> **What this task involves**:
Once the line containing "Album med flera" is found in the listing below, return it and each line after it through the last, exactly as given.

+++ Records +++

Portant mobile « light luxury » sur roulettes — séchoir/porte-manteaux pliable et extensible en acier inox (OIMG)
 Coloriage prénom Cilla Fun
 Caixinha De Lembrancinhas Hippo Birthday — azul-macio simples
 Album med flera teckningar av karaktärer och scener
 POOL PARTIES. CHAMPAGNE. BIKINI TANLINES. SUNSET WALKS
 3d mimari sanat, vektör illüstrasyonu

+++

> **Problem solution**:
 Album med flera teckningar av karaktärer och scener
 POOL PARTIES. CHAMPAGNE. BIKINI TANLINES. SUNSET WALKS
 3d mimari sanat, vektör illüstrasyonu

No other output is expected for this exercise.